We talked recently about how new headsets like the Oculus Quest can help pull virtual reality into the mainstream by solving the three key problems of cost, setup, and space. But we also talked about the compromise in quality required for that. If you have the space, though, Microsoft might have an alternative idea to Valve’s lighthouses on the way. Microsoft has filed a patent for a floor mat meant to be used in conjunction with VR systems.
Microsoft offers up a lot to unpack with the idea. Part of the problem with VR is that it can be isolating, and running into a glass coffee table isn’t conducive to a great play experience (so much as it is to an ER visit). The mat would provide an established play space in which to interact with VR. Many users already do something like this, using softer mats to make standing for hours at a time feel a little more friendly.
It’s not just carpet, though
This mat, though, would provide additional functionality. One possibility would be to run haptic feedback through the mat when the user is getting closer to the edge. Another version has the user standing in a specific spot and pointing the headset toward specific markers on the mat to establish a scanned play space that the headset itself can then track.

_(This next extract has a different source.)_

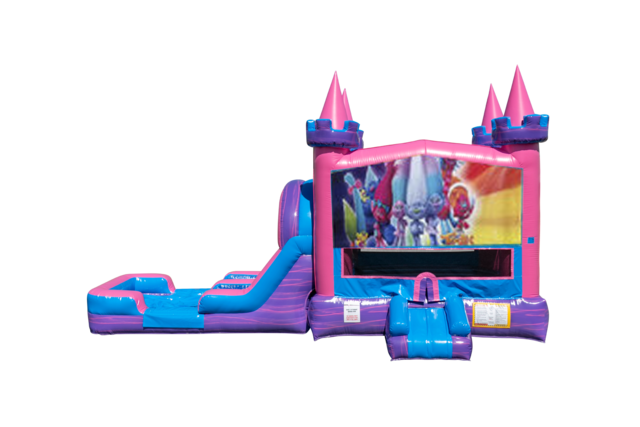 Trolls Lucky princess combo Double Lane Wet/Dry with Bounce House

Microsoft also talks in the patent about this mat potentially being modular, allowing players with smaller spaces to configure a smaller mat.
Interestingly, the patent also seems to point at a potential future for virtual reality on Microsoft consoles. The patent specifically calls out the idea of being connected to a gaming console, with illustrations showing an Xbox and even a Kinect. That’s not a promise or even hint that that’s happening, but it’s a surprise considering that Microsoft was pretty public about canceling its Xbox VR plans.
The Microsoft VR Mat seems unlikely
Speaking on pure opinion, this seems like something Microsoft will likely not end up producing. Many VR enthusiasts are purchasing floor mats to define their spaces. Both major VR lines have options for defining play spaces already, though. Neither involves rolling out or assembling a mat each time someone wants to dive in.
VR users can wall-mount Lighthouses, and you can dynamically define multiple spaces with the Oculus Quest. A mat just adds more setup. If something like this did end up going to production, it seems like the kind of thing we’d see used in virtual reality arcades rather than in users’ homes.
But then, this Microsoft VR mat is just a patent, so it’s likely that we don’t have to worry much.